Рис. 100. Гравюра из книги «Падение христианской морали из-за злоупотреблений монашества» (Амстердам, 1695).
Amsterdam. Rijksmuseum. № RP-P-1906–3227
Католический ответ на протестантскую критику культа изображений и волны иконоборчества был двояким. С одной стороны, Рим встал на защиту своих традиций и — вслед за Седьмым Вселенским собором 787 г. — провозгласил древнюю доктрину о том, что честь, воздаваемая образам, восходит к их небесным прообразам. С другой — многие богословы и иерархи понимали, что культ святых и их «портретов» нуждается в реформе — только не извне, а изнутри. Его подобает очистить от суеверий, догматически или морально сомнительных сюжетов и практик. Основные идеологические ориентиры были сформулированы в 1563 г. на последней, 25-й сессии Тридентского собора. Процитируем его решение почти целиком:
«Изображения Христа, Пресвятой Девы и других святых следует иметь и держать в храмах, воздавая им должную честь и поклонение, не потому, что в них присутствует некая божественность и сила, ради которой они почитаемы, и не потому, что к ним следует обращаться с мольбами или полагать в них веру, как возлагали некогда язычники надежду свою на идолов; но поклонение, которое воздают этим образам, относится к первообразу, в них изображенному. Так через иконы, которые мы целуем, перед которыми обнажаем голову и преклоняем колени, мы поклоняемся Христу и почитаем святых, подобие которых они представляют. <…>
Пусть епископы также усердно наставляют в следующем: с помощью картин или иных изображений, передающих историю таинства нашего Искупления, народ назидается и укрепляется в ежедневном воспоминании догматов веры. <…>
Если в эти святые и спасительные обряды прокрадется некое злоупотребление, Святому Собору угодно совершенно уничтожить таковое, дабы не было никаких изображений, вводящих ложное учение и дающих невеждам повод к заблуждению.

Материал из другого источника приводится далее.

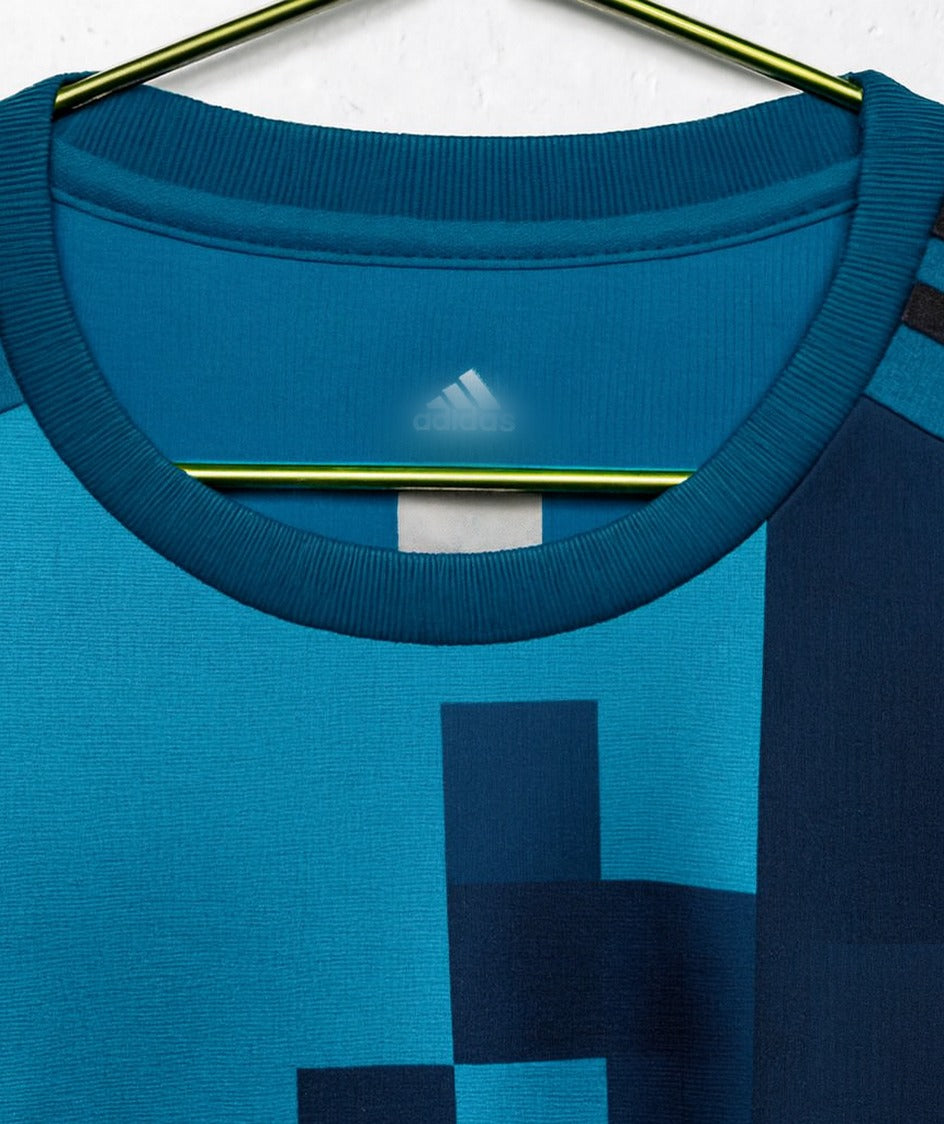 Real Madrid 2017/18 away shirt — collar close-up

Если же для пользы неученого народа истории и рассказы из Священного Писания получают видимое изображение, то пусть народ научают, что в этих изображениях не предстает Божество так, будто оно может быть увидено телесными очами или представлено в телесных образах и красках.

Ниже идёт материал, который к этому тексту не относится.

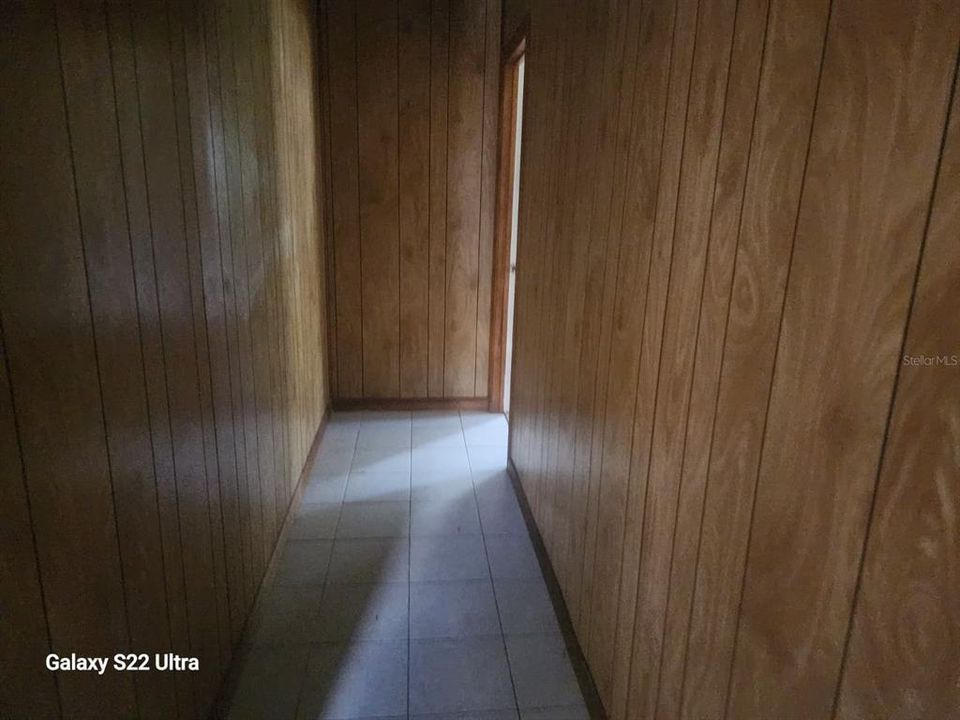 For Rent: $1,250 (1 beds, 1 baths, 780 Square Feet)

В молитвенном призывании святых, почитании мощей и употреблении образов да будет впредь устранено всякое суеверие, уничтожена всякая корысть, удалена всякая фривольность; пусть не создаются и не украшаются изображения с похотливым изяществом, пусть празднование памяти святых и посещение мощей не побуждают людей к кутежам и попойкам, как будто дни почитания святых следует праздновать с похотью и разнузданностью.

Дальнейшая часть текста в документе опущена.